Watch this Before you use AI in your dissertation research / Qualitative data analysis with AI
Based on Qualitative Researcher Dr Kriukow's video on YouTube. If you like this content, support the original creators by watching, liking and subscribing to their content.
Qualitative validity depends on transparency through an audit trail that documents how themes were derived from coding.
Briefing
AI-assisted data analysis tools are increasingly popular for qualitative dissertation work, but they often fail at one non-negotiable requirement: producing a transparent audit trail of how results were reached. That gap matters because qualitative validity depends on showing that themes emerged from a structured, traceable process—especially coding—rather than from intuition or “it feels like” interpretations that can reflect bias.
In academia, the expectations for methodological rigor are particularly high. Students and researchers aiming to publish in academic journals are typically required to demonstrate credibility and trustworthiness through transparency. In practice, that means being able to document each step of analysis so an external reader—supervisor, examiner, or reviewer—can follow how codes were created and how those codes were developed into themes. Without that trace, it becomes harder to argue that findings are credible, and easier for concerns about researcher bias to surface, even when intentions are good.
A detailed coding approach is presented as the backbone of both rigor and validity. Coding provides structure and consistency: if the same person (or another analyst) repeats the process, the resulting codes and themes should be broadly similar because the analysis is built step-by-step rather than improvised. This repeatability is framed as a practical safeguard against bias and a way to strengthen confidence in the final thematic conclusions.
Online AI analysis platforms, by contrast, are described as fundamentally mismatched to audit-trail expectations. Even when they generate accurate or impressive outputs, they generally do not expose the intermediate reasoning or the coding workflow. Users may upload data and receive results, but they cannot inspect, reproduce, or expand the analysis in a way that supports transparency. The result is a “black box” problem: useful outputs without the documentation needed for academic scrutiny or for independent verification.
ChatGPT is singled out as an example where some audit-trail-like control can be created through an interactive workflow—issuing commands and monitoring the back-and-forth. Still, consistency is flagged as a limitation: the same prompts may not reliably yield the same results, which undermines the stability that validity demands.

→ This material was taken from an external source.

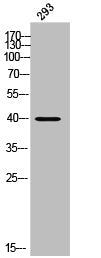Western Blot analysis of 293 cells using mPRα Polyclonal Antibody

The practical recommendation is to prefer professional qualitative data analysis software that keeps the analyst in control of decisions and preserves a full audit trail. Established tools named include MAXQDA, NVivo, and ATLAS.ti. Which one to choose depends on access: researchers affiliated with an institution should use the platform their institution provides. For independent researchers without institutional access, the guidance favors ATLAS.ti as a currently reliable, professional, and user-friendly option, while acknowledging that the core decision should be driven by the ability to maintain transparency and rigor throughout coding and theme development.
Cornell Notes
Qualitative validity hinges on transparency—especially an audit trail showing how themes were produced from a structured coding process. Many AI data-analysis platforms can generate results, but they usually do not provide access to the intermediate steps (like coding), making it difficult to reproduce or verify findings. Detailed coding is presented as a way to reduce bias and improve consistency, since repeating the process should yield similar codes and themes. ChatGPT can be used more interactively to create some traceability, but consistency remains a challenge. For dissertation-level work, the guidance favors established qualitative analysis software (MAXQDA, NVivo, ATLAS.ti) where the analyst controls the workflow and can document every step.
What is “audit trail,” and why is it central to qualitative validity?

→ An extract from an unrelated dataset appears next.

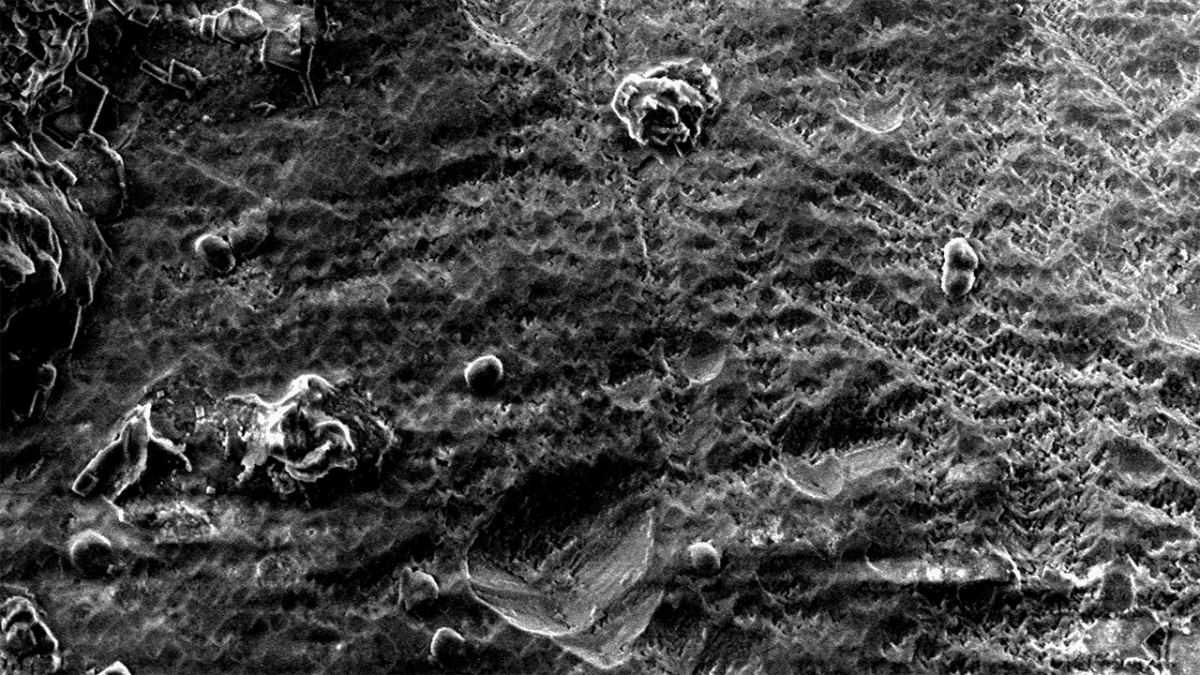 Cornell-engineered bacterium speeds carbon capture and recovers battery metals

How does structured coding strengthen validity beyond transparency?
Why do many online AI qualitative analysis platforms fall short for dissertation research?
How can ChatGPT be used to approximate an audit trail, and what remains problematic?

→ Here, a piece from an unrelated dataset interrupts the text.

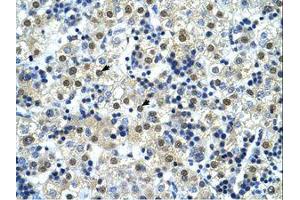 Image no. 1 for anti-Nuclear Transcription Factor Y, gamma (NFYC) (AA 259-308) antibody (ABIN6737866) (NFYC 抗体  (AA 259-308))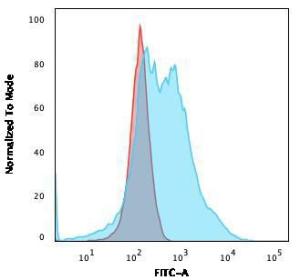 Flow cytometric analysis of A549 cells using Anti-Nucleophosmin Antibody [NPM1/3286] followed by Goat Anti-Mouse IgG (CF&#174; 488) (Blue). Isotype Control (Red)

What software choice strategy is recommended for qualitative analysis?
Review Questions
- How would you justify the credibility of your themes to an external reviewer using the concept of audit trail?
- What specific weaknesses arise when an analysis tool provides results without exposing coding steps?
- Why might repeating a structured coding workflow produce more defensible findings than relying on intuition?
Key Points
- 1
Qualitative validity depends on transparency through an audit trail that documents how themes were derived from coding.
- 2
Detailed, structured coding reduces bias risk by preventing “jumping to conclusions” from raw data.
- 3
Structured coding improves consistency, so repeating the analysis should yield similar codes and themes.
- 4
Many online AI analysis platforms lack audit-trail access, functioning more like black boxes even when outputs look strong.
- 5
ChatGPT can be used interactively to create some traceability, but consistency is a major limitation.
- 6
For dissertation research, prefer established qualitative analysis software that keeps the analyst in control of decisions and documentation.
- 7
Choose software based on access (institutional licenses first); otherwise, ATLAS.ti is recommended as a reliable option.